Connectionists: New paper on why modules evolve, and how to evolve modular neural networks

Wed Feb 13 09:48:04 EST 2013

The paper mentions that Santiago Ramón y Cajal already pointed out  
that evolution has created mostly short connections in animal brains.

Minimization of connection costs should also encourage modularization,  
e.g., http://arxiv.org/abs/1210.0118 (2012).
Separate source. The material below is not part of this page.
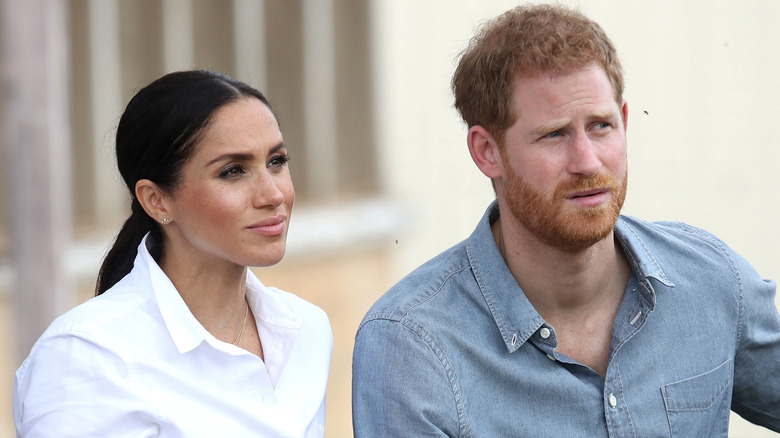 Prince Harry and Meghan Markle posing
But who first had such a wire length term in an objective function to  
be minimized by evolutionary computation or other machine learning  
methods?
I am aware of pioneering work by Legenstein and Maass:

R. A. Legenstein and W. Maass. Neural circuits for pattern recognition  
with small total wire length. Theoretical Computer Science,  
287:239-249, 2002.
R. A. Legenstein and W. Maass. Wire length as a circuit complexity  
measure. Journal of Computer and System Sciences, 70:53-72, 2005.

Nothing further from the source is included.